Then I saw a Lamb, looking as if it had been slain, standing in the center of the throne, encircled by the four living creatures and the elders. He had seven horns and seven eyes, which are the seven spirits of God sent out into all the earth.

Hebrews 10:10 (New International Version)
And by that will, we have been made holy through the sacrifice of the body of Jesus Christ once for all.

Revelation 7:15
And he said, "These are they who have come out of the great tribulation; they have washed their robes and made them white in the blood of the Lamb. Therefore, "they are before the throne of God and serve him day and night in his temple; and he who sits on the throne will spread his tent over them.

*Many awaits to hear the Good News in Nepal and India that We don't need any more to shed the blood of the animals, for we have been provided by God, the perfect Lamb, who takes away our sins FOREVER.*

LET'S JOIN IN PRAYERS SO THAT THESE PEOPLE WOULD KNOW THE TRUTH OF GOD.


----------



## JBaldwin (Apr 2, 2008)

I see the date of 1964 on here.

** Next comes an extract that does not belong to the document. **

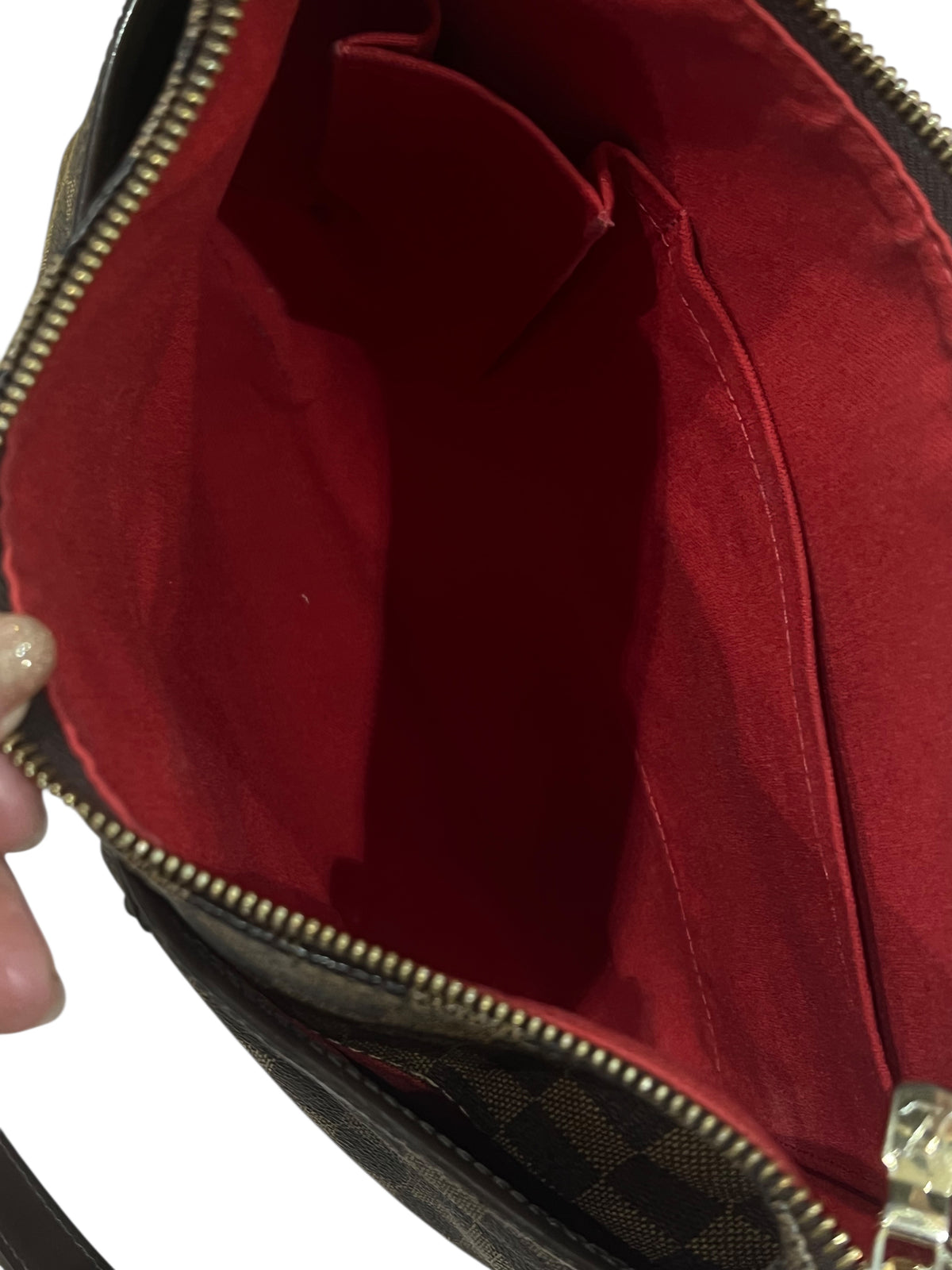 Louis Vuitton - Borsa Bloomsbury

Do the Nepalise people still do this?


----------



## Raj (Apr 2, 2008)

JBaldwin said:


> I see the date of 1964 on here. Do the Nepalise people still do this?





09/05/2007 05:10 PM 
Nepalese Airline Repairs Aircraft With Goat Sacrifice 
Nepal: The national state-run airline has taken a somewhat unusual approach to solving the technical difficulties being experienced by one of their aircraft by sacrificing a pair of goats to the Hindu sky god Akash Bhairab. 

Shortly after the sacrifice, which occurred at Kathmandu airport with full Hindu ceremony, Raju KC, from Nepal Airlines, announced that "the snag in the plane has now been fixed and the aircraft has resumed its flights."

The issue with one of the airline's two Boeing 757 had been rumoured by local media to be an electrical problem. A number of services were unable to operate due to the aircraft being grounded. 


Yes, sacrifice practice continues.


----------



## Pergamum (Apr 2, 2008)

Thanks, a reminder of the need for the Good News to go to all the world.


----------



## JBaldwin (Apr 2, 2008)

Raj said:


> JBaldwin said:
> 
> 
> > I see the date of 1964 on here. Do the Nepalise people still do this?
> ...



Thanks for making us aware of this prayer need.


----------